Requirement:
All entries need to be written out again exactly, without their pictures.

[Image-caption web data]

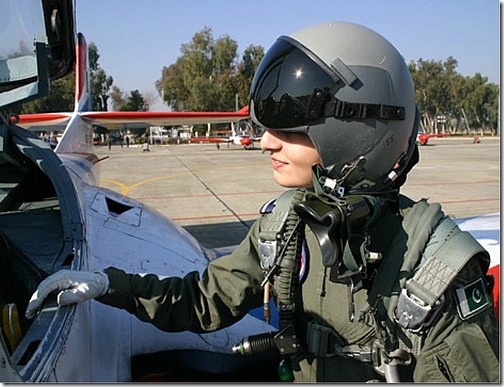 Beautiful-Female-Military-Around-the-World-020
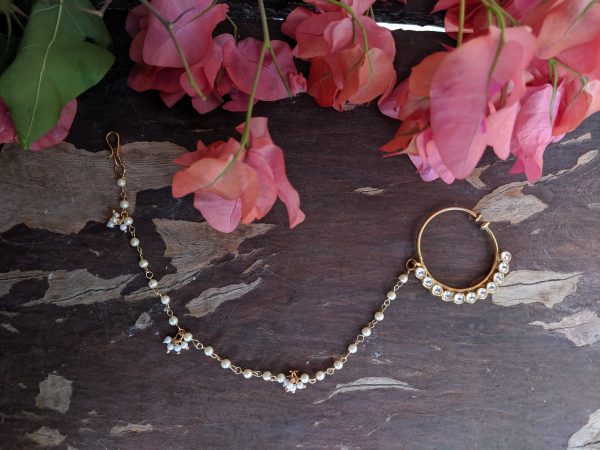 DELICATE NOSE RING WITH WHITE JADTAR STONES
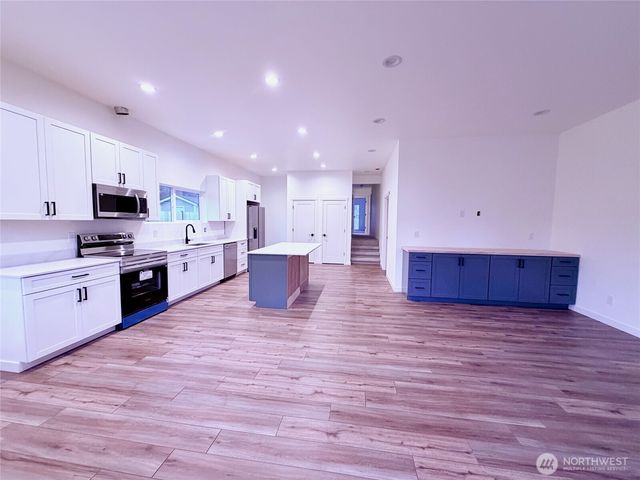 2508 58th Avenue NE, Tacoma, WA 98422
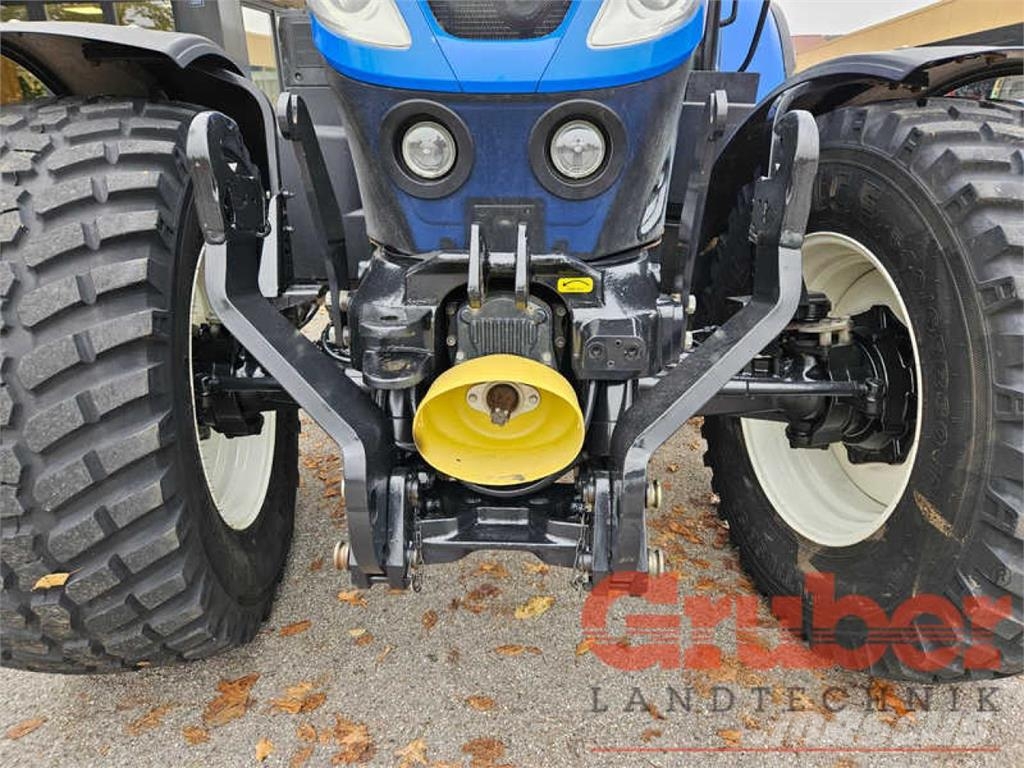 New Holland T7.225AC MY15 Tratores Agrícolas usados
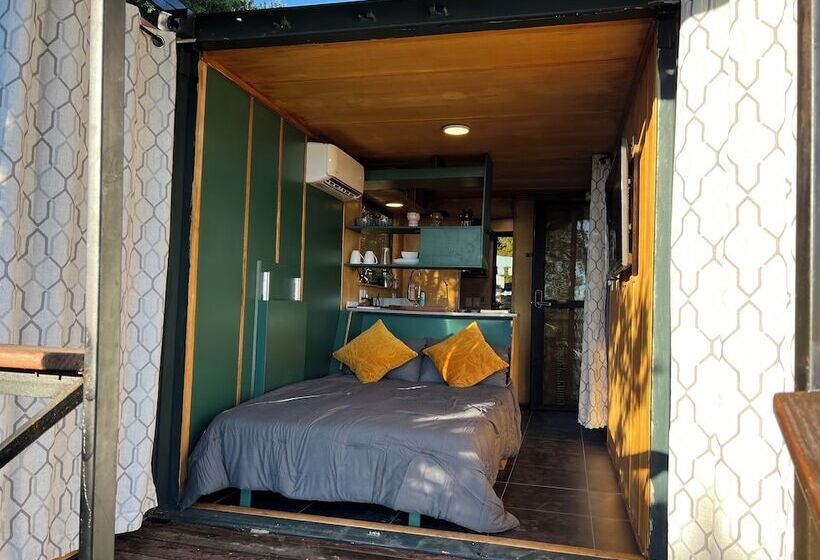 هتل روستایی Lost Horizon Texas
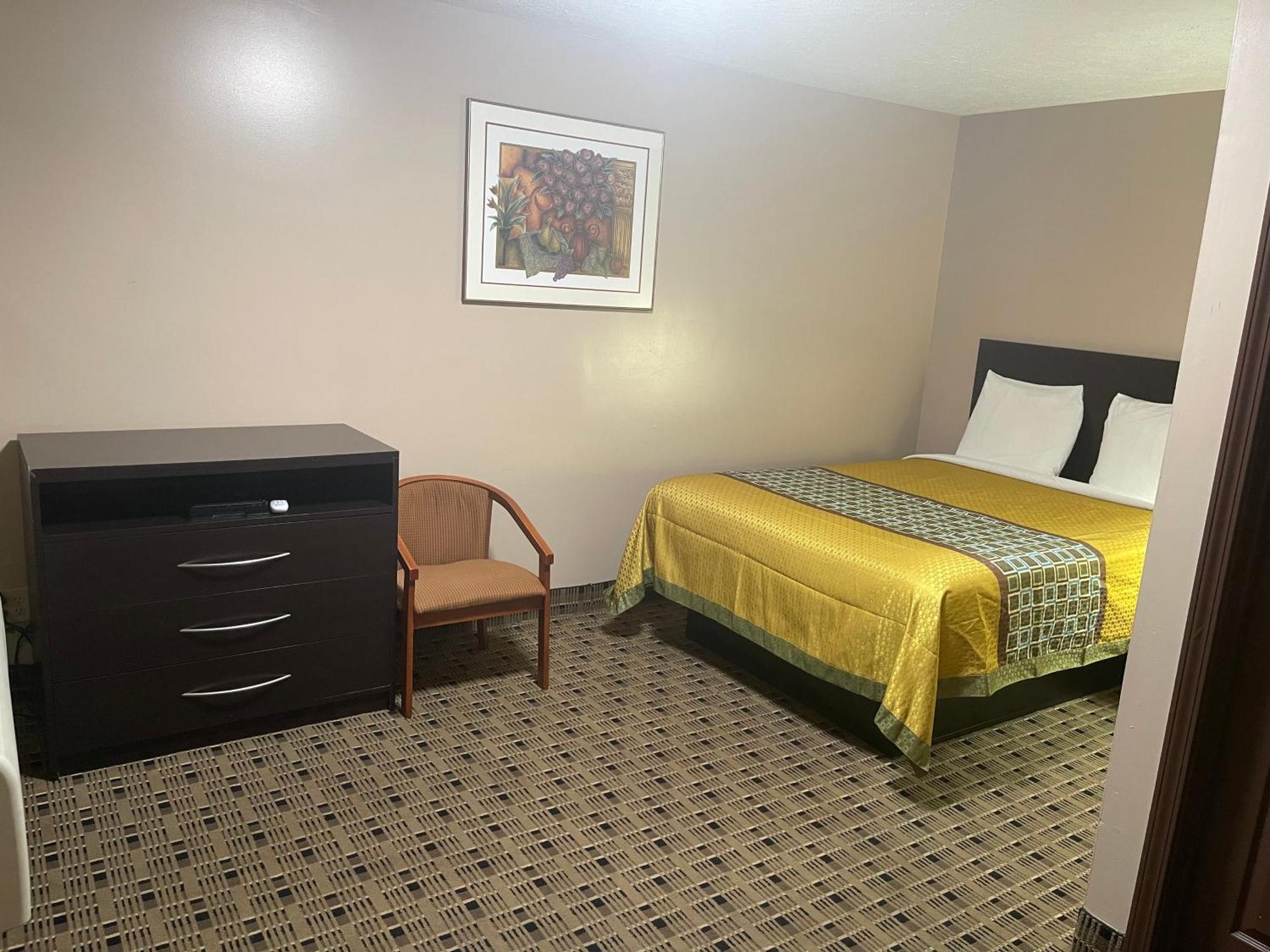 Economy Inn & Suites Ashtabula Εξωτερικό φωτογραφία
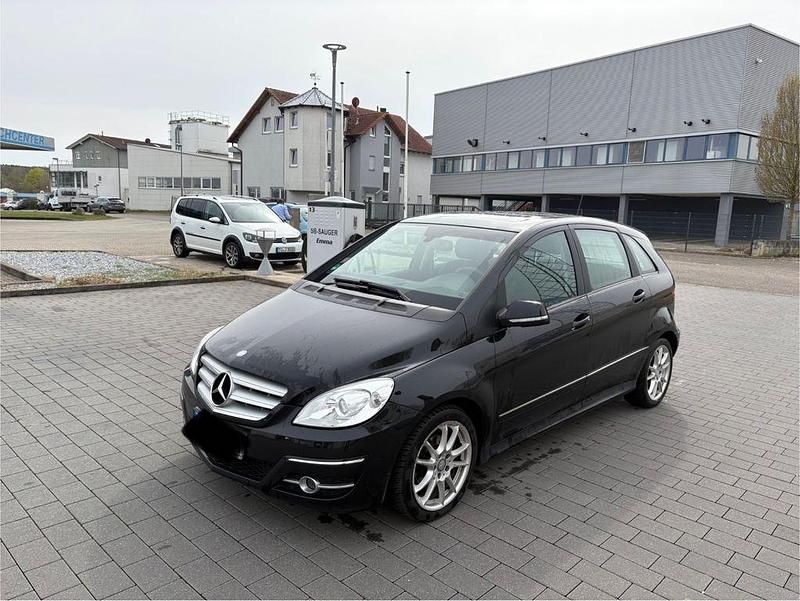 Gebraucht Mercedes B200 136 PS (100 kW) 2011 Schwarz Van / Kleinbus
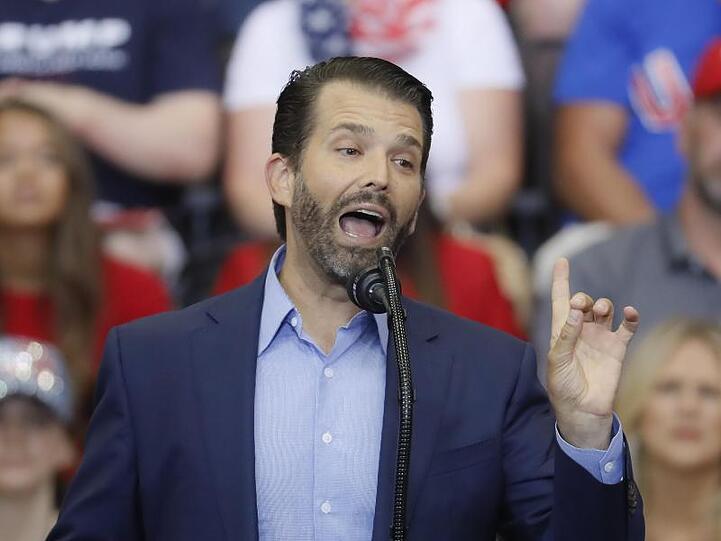 Donald Trump Jr. hat den mutmaßlichen Namen des anonymen Whistleblowers in der Ukraine-Affäre auf Twitter weiterverbreitet.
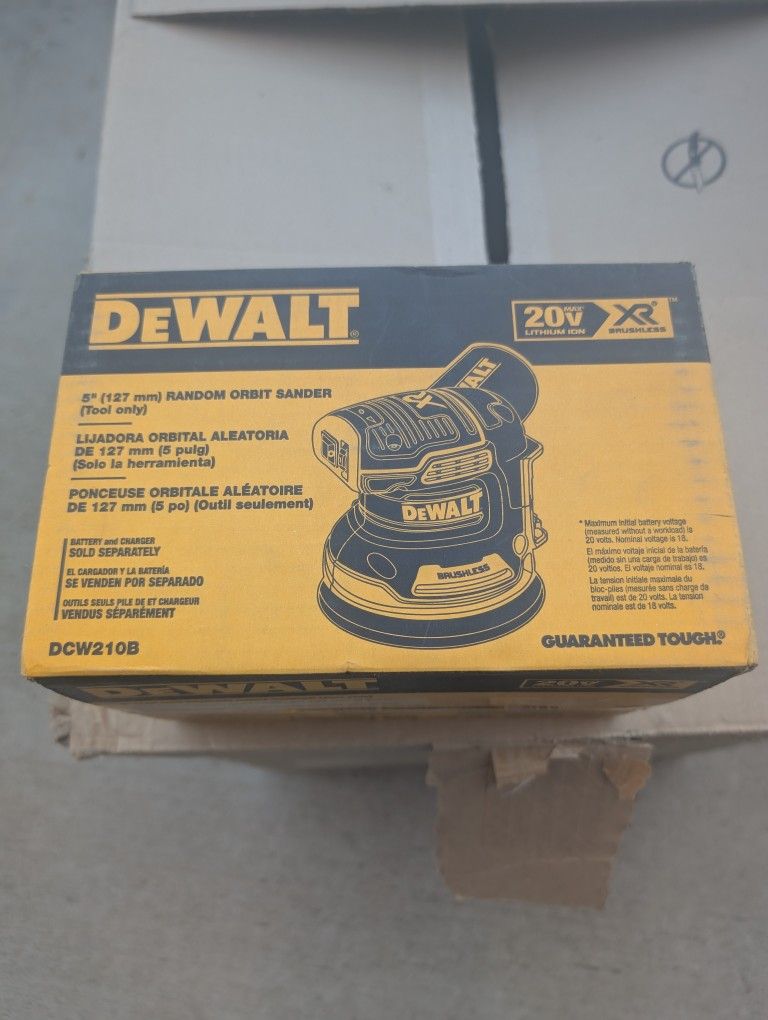 DeWalt Xr Orbital Sander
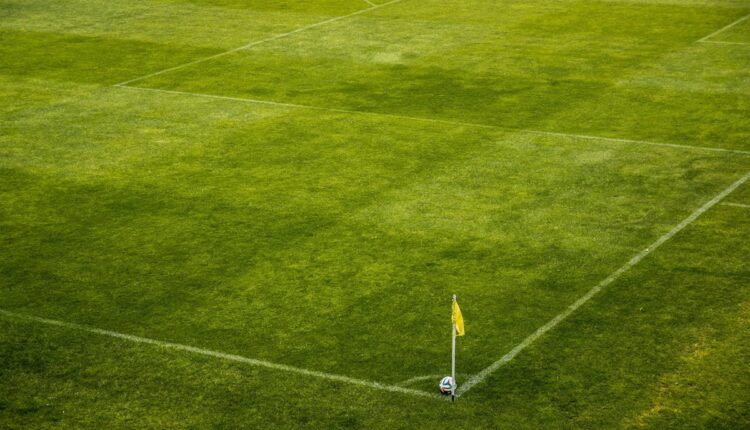 Sem Futemax e Multicanais? Descubra alternativas para ver futebol online grátis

Answer for this exercise:
 Beautiful-Female-Military-Around-the-World-020
 DELICATE NOSE RING WITH WHITE JADTAR STONES
 2508 58th Avenue NE, Tacoma, WA 98422
 New Holland T7.225AC MY15 Tratores Agrícolas usados
 هتل روستایی Lost Horizon Texas
 Economy Inn & Suites Ashtabula Εξωτερικό φωτογραφία
 Gebraucht Mercedes B200 136 PS (100 kW) 2011 Schwarz Van / Kleinbus
 Donald Trump Jr. hat den mutmaßlichen Namen des anonymen Whistleblowers in der Ukraine-Affäre auf Twitter weiterverbreitet.
 DeWalt Xr Orbital Sander
 Sem Futemax e Multicanais? Descubra alternativas para ver futebol online grátis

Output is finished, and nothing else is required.